Nu het zonnetje is gaan schijnen is het tijd voor een vrolijke column vol met lentekriebels en springende lammetjes. De goed-nieuws-show is begonnen, één en al vrolijkheid nu we weten dat de competitie van DCN een recordaantal deelnemers telt. Daar gaan we: Avalance, Con Spirito, Jubal, Beatrix, Juliana, FB, Showband 75, Johan Friso, Jong Jubal, Jong Avalance, Jong Holland, Blue Phoenix, Harpe Davids, Starriders, Heartliner, Confetti, Jong Holland Junioren en Jong Beatrix. Negentien in totaal. Jaja, dat is me wat! Wat een drukte, wat een strijd! Dit is nog nooit vertoond!

DCN bestaat sinds 2005. Ik heb destijds niet onder stoelen of banken gestoken dat ik de oprichting van wéér een aparte competitie totaal overbodig vond. Drum Corps Nederland is voortgekomen uit het succesvolle Drum Corps Europe. Ging ’t net lekker, werd er weer wat nieuws bedacht. Was er eindelijk een kans om een Europees circuit verder uit te bouwen, kruipen we weer terug in onze eigen, kneuterige Hollandse stadionnetjes met piepkleine wedstrijdjes.

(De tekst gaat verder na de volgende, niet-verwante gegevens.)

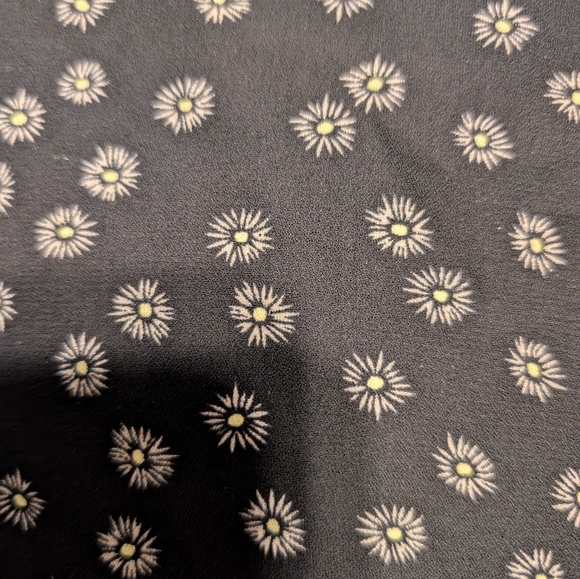 Banana Republic Black Flower Camisole Women's Size Small - Picture 3 of 5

Maar goed, wat gebeurt, gebeurt, niet piepen, maar meedoen. Jubal was er vanaf dag één bij. En dat was soms leuk, soms minder leuk.

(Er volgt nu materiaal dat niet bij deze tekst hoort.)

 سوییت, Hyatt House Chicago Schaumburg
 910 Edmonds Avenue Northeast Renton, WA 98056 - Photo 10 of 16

Zo was de animo een paar jaar lang ver te zoeken: per klasse slechts een paar deelnemers. Bezoekersaantallen waren ook niet altijd even denderend en aan de organisaties schortte ook nog wel eens wat. “Dit wordt nooit wat”, zijn mijn letterlijk woorden, meerdere keren uitgesproken. Diverse malen heb ik ook geprobeerd dit duidelijk te maken, maar de platen staal waren metersdik. Ik kreeg de afgelopen jaren regelmatig DCH-flashbacks. Voor de jonge lezers even een eenzijdig stukje historie. Drum Corps Holland begon mooi, maar eindigde roemloos door vooral de eigen ego’s boven de korpsen te plaatsen. Regeltjes werden bedacht om regeltjes te bedenken, hierdoor ontstond een onprettige, corrupte, zure en onvriendelijke competitie. Terecht vertrok het ene korps na het andere. Zo ver is het bij DCN gelukkig niet gekomen, maar heeeeel af en toe begon het er door tal van incidentjes al wel op te lijken.

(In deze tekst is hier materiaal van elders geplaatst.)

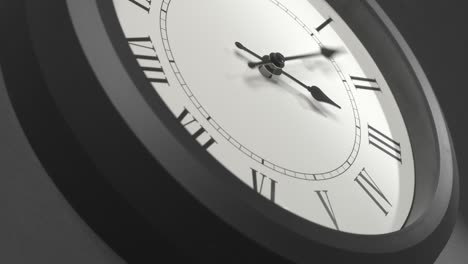 reloj latino en el lapso de tiempo en la pared gris oscuro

Maarrrr, is het jullie niet opgevallen dat bovenstaande alinea’s in de verleden tijd zijn geschreven? Alles is nu anders. 1 april 2009, de dag waarop bekend werd gemaakt dat DCN dit seizoen negentien deelnemers telt. Het heeft vijf jaar lang geduurd, de aanhouder wint: de zure jaren zijn voorbij, het is nu tijd voor het zoet. Oogsten maar! Dit is natuurlijk prachtig nieuws. We vergeten het verleden (Zeeuwse klei erover), de blikken gaan vooruit. Dit is dé kans om ook op organisatorisch vlak door te pakken. Professioneler, leuker, spannender, verrassender en ga zo maar door.

De grote vraag is natuurlijk, waar komt die massale belangstelling ineens van dan? Cynisch als ik ben, denk ik dat het wellicht wat te maken heeft met de crisis. Was er vroeger een goed alternatief voor een duur DCN-contest; namelijk een goed betaalde taptoe. Nu blijft de agenda van optredens bij veel muziekvereniging redelijk leeg en je moet toch wat!. Die honderden uurtjes repetitietijd moeten natuurlijk wel uitbetaald worden en getoond worden. En dus, bij gebrek aan beter, schrijven korpsen zich massaal in voor de DCN-competitie. Minder cynisch, maar wel weer wat waziger. Misschien heeft het wat te maken met de opbloeiende drumcorps-scene. Mede dankzij het succesvolle DCE staat drumcorps in heel veel landen weer op de kaart. Kijk naar Engeland, kijk naar…. uhmmmmm.. Nou goed, jullie begrijpen wat ik bedoel. De aantrekkingskracht voor corps-style-buitenstaanders is misschien weer wat groter en dat betaalt zich nu uit.

Ik ben ervan overtuigd dat dit een mooi seizoen kan worden. Nogmaals, ik hoop dat ook de organisatie een professionelere koers gaat varen en dat het grote aantal deelnemers niet boven hun hoofd stijgt. Dat zou een gemiste kans zijn. Maar de zon schijnt en dus heb ik vertrouwen!

En nou maar hopen dat het geen grap is.

a.p.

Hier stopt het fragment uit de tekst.